If the conclusion of the court was correct, and it undoubtedly was, that a proper survey made under the grant would exclude the mines, it was quite evident that the United States had a right to prevent the claimant from wasting the substance of its property by extracting and removing the metal-bearing ores, and an injunction was very properly sought, evidently upon this theory. It was quite unnecessary, in order to support the judgment awarding the injunction, to hold that the minerals did not pass by the patent. Therefore, all that the court said with reference to minerals not passing by the patent, which they had declared to be void, and to have passed nothing, was obiter, and wholly unnecessary.

The reasoning of the court on this branch of the case rests upon the assumption that as the claimant under the grant could not have obtained from the Mexican government the right to the minerals, therefore he could not demand them from the United States. But this is not the question at issue. The question is, What did the patent, assuming it to have been valid, convey?

In speaking of the California cases of Moore v. Smaw and Fremont v. Flower, heretofore cited, the court says that a careful study of these cases will prove that there were circumstances in the grant confirmation indicating an intent not disclosed in the Cañon del Agua case. A thorough knowledge of the Mariposa grant, its history, and the various judicial controversies arising out of it between the mineral claimants and the grantees under the Mexican government, enables us to assert that there are no differences in essential characteristics between the two grants. Neither asserted title under the mining ordinances. One was for colonization purposes, and the

other for pastoral. The patent in one case was issued on a confirmation made by special act of congress, and in the other on a confirmation made by tribunals especially created by congress for that purpose.
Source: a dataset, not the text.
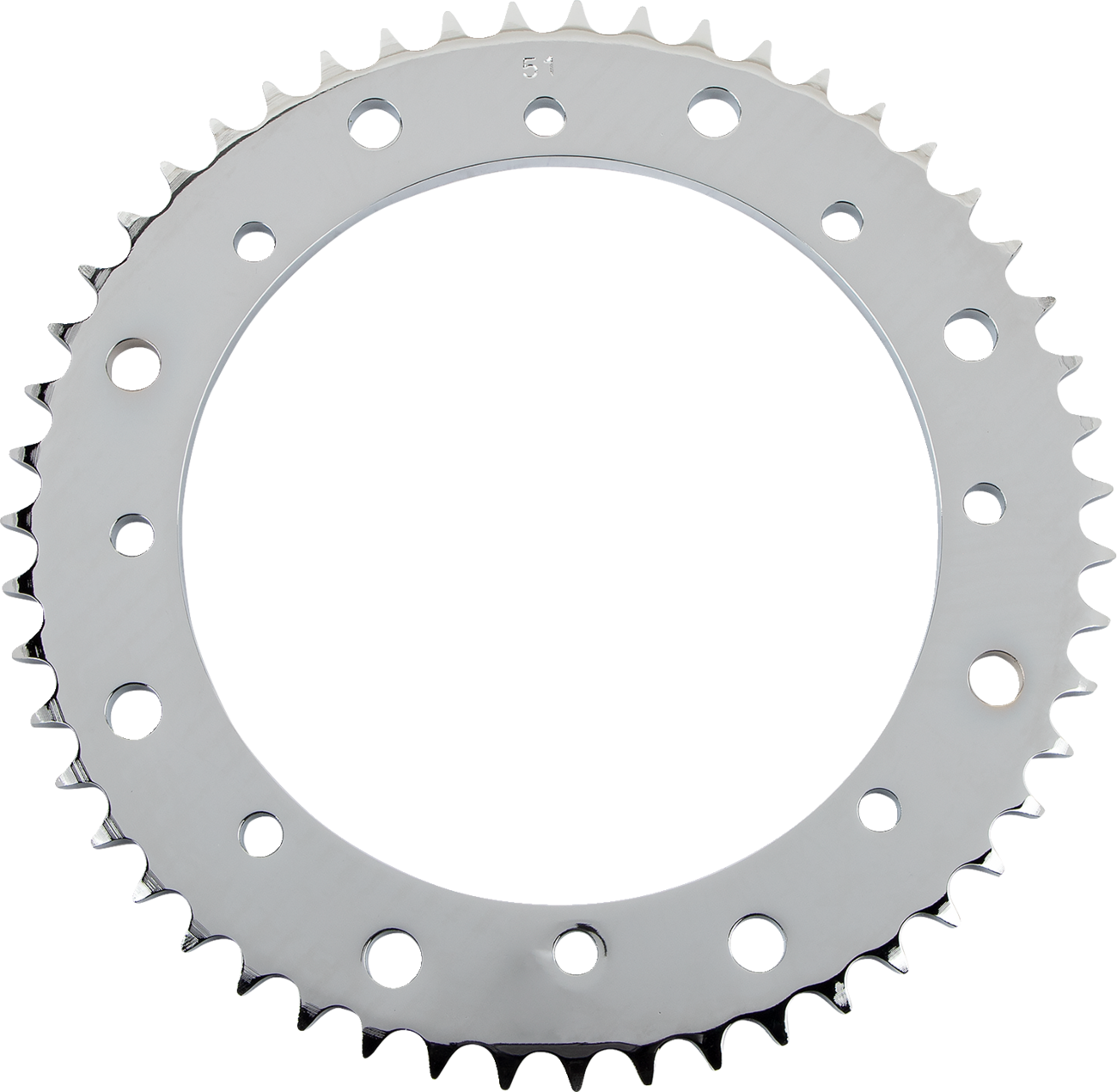 DRAG SPECIALTIES Rear Sprocket - 51 Tooth - Chrome - Touring/Trike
The Cañon del Agua case was appealed to the supreme court of the United States, where the judgment of the supreme court of New Mexico was affirmed; but the question as to whether the patent, if valid, carried the right to the mines was neither discussed nor decided. With all due deference to the supreme court of New Mexico, we think we are justified in the conclusion that its decision in the Cañon del Agua case does not militate against the doctrine of the California cases, nor weaken the force of the line of decisions on the subject of patents to confirmed Mexican grants reviewed in the preceding paragraphs.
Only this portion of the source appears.